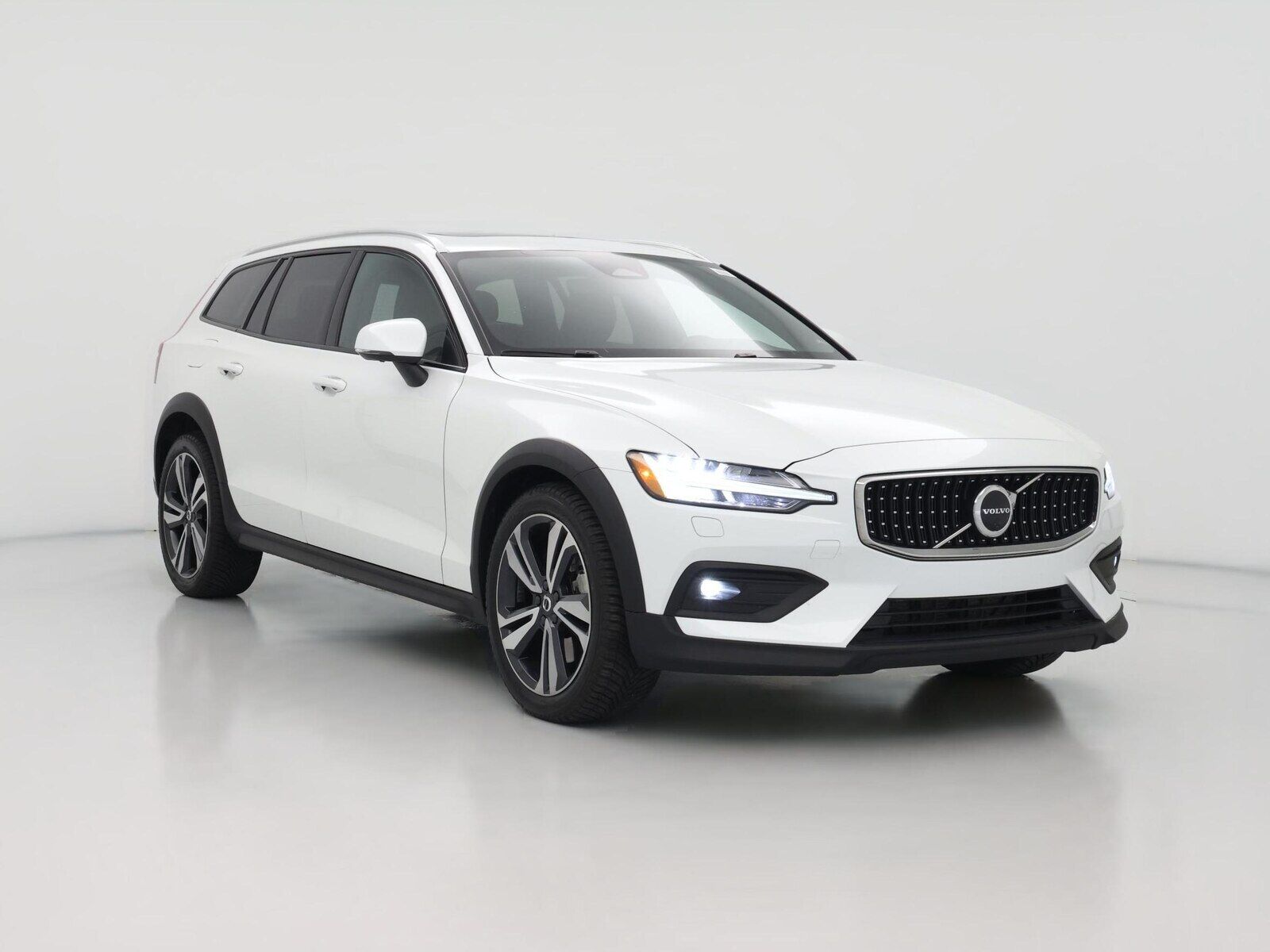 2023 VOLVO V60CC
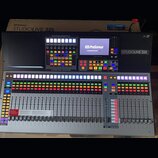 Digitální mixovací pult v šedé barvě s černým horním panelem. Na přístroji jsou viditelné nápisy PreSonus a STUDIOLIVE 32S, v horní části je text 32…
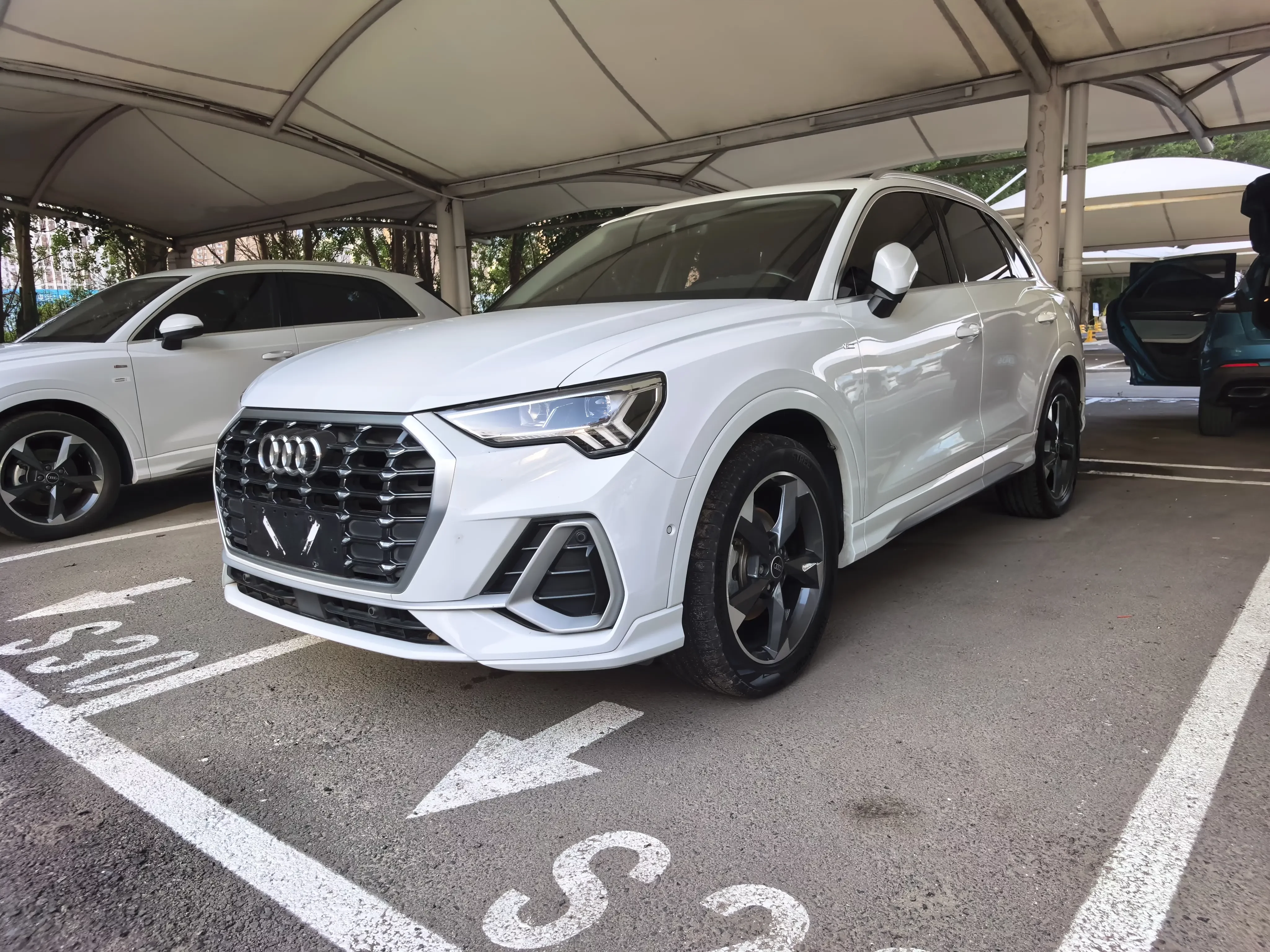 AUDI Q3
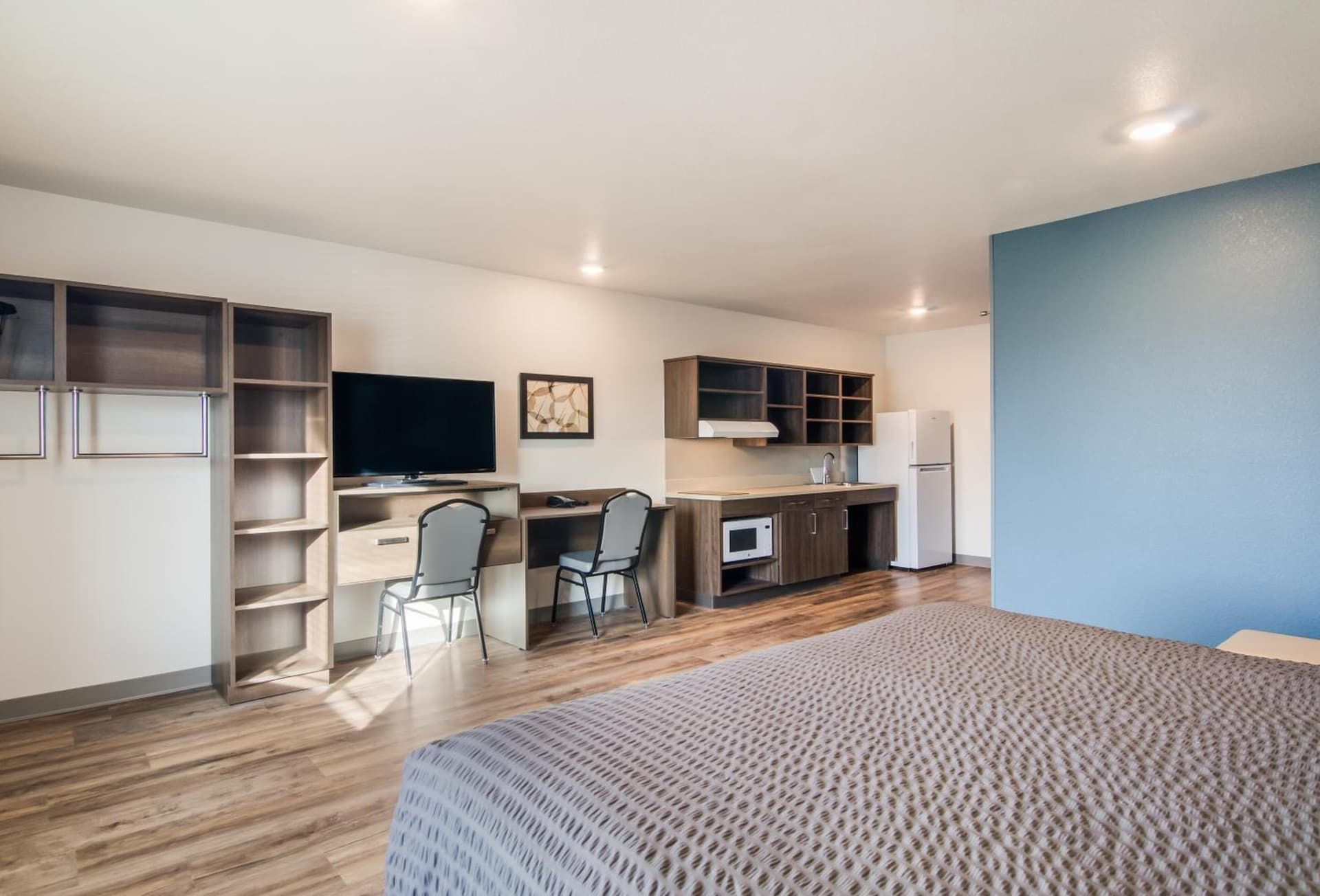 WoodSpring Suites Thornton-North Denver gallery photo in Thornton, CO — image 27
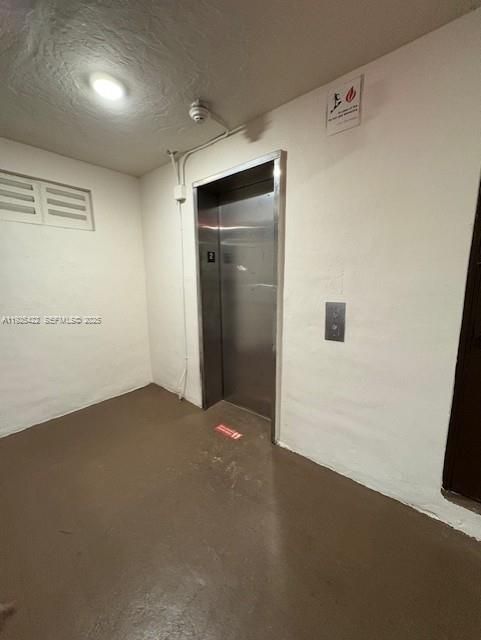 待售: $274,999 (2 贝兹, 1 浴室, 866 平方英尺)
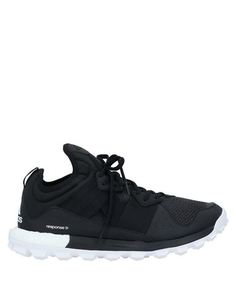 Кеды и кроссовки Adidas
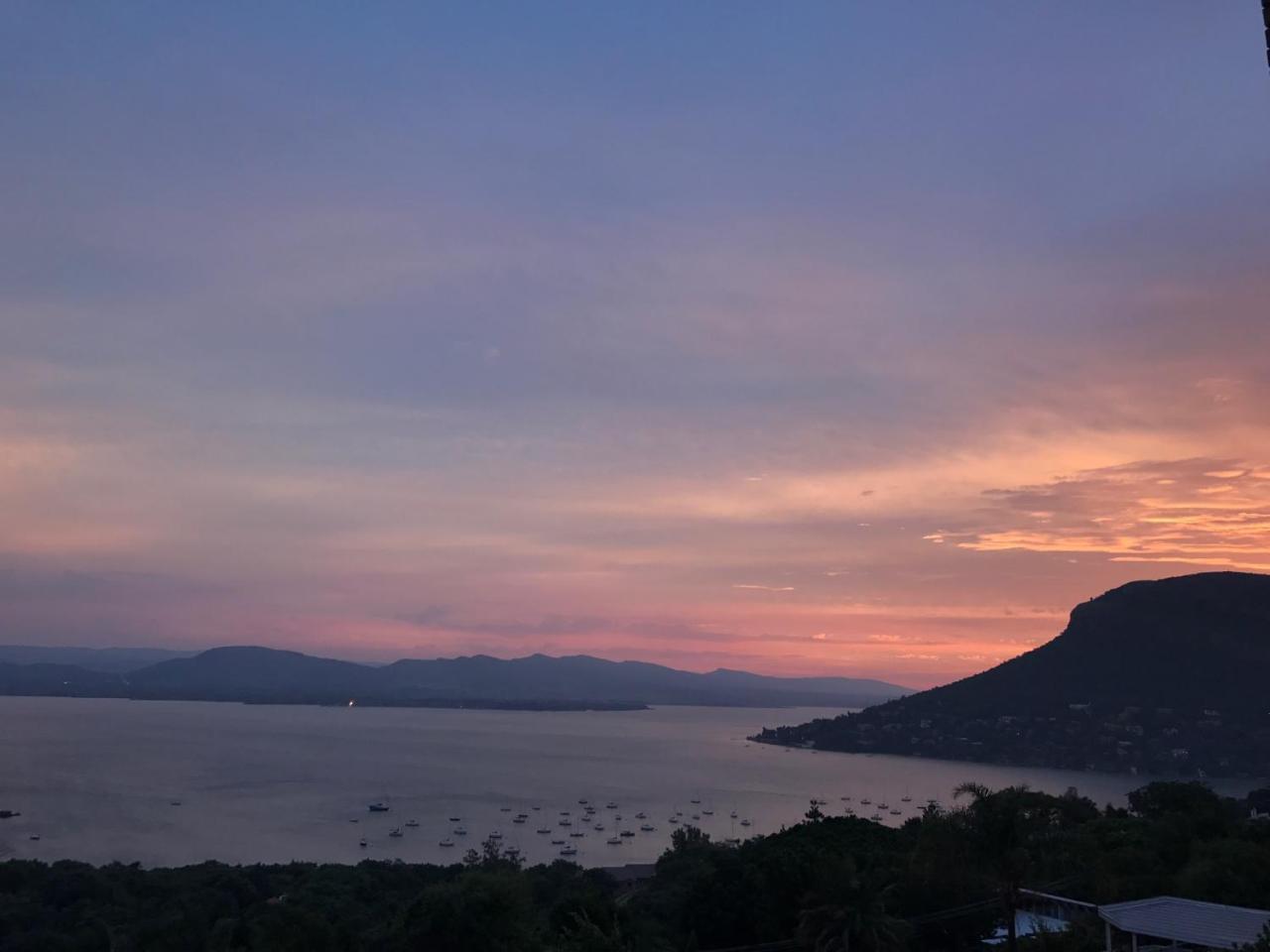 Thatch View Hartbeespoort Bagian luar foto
......
The answer must be the full listing above, copied exactly, with no pictures in it.

[Result]
 2023 VOLVO V60CC
 Digitální mixovací pult v šedé barvě s černým horním panelem. Na přístroji jsou viditelné nápisy PreSonus a STUDIOLIVE 32S, v horní části je text 32…
 AUDI Q3
 WoodSpring Suites Thornton-North Denver gallery photo in Thornton, CO — image 27
 待售: $274,999 (2 贝兹, 1 浴室, 866 平方英尺)
 Кеды и кроссовки Adidas
 Thatch View Hartbeespoort Bagian luar foto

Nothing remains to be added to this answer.